** DATA SHOWN follows **

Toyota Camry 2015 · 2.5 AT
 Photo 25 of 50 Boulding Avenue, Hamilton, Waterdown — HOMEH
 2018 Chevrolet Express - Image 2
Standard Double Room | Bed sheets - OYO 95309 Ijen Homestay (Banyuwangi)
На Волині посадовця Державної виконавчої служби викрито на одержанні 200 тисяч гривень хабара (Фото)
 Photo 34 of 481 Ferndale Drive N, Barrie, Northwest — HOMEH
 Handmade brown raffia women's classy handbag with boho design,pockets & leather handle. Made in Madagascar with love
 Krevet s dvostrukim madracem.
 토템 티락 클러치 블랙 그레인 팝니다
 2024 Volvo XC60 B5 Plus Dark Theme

** End of DATA SHOWN **

Return all of the data above verbatim.

• **ANSWER BOX**
Toyota Camry 2015 · 2.5 AT
 Photo 25 of 50 Boulding Avenue, Hamilton, Waterdown — HOMEH
 2018 Chevrolet Express - Image 2
Standard Double Room | Bed sheets - OYO 95309 Ijen Homestay (Banyuwangi)
На Волині посадовця Державної виконавчої служби викрито на одержанні 200 тисяч гривень хабара (Фото)
 Photo 34 of 481 Ferndale Drive N, Barrie, Northwest — HOMEH
 Handmade brown raffia women's classy handbag with boho design,pockets & leather handle. Made in Madagascar with love
 Krevet s dvostrukim madracem.
 토템 티락 클러치 블랙 그레인 팝니다
 2024 Volvo XC60 B5 Plus Dark Theme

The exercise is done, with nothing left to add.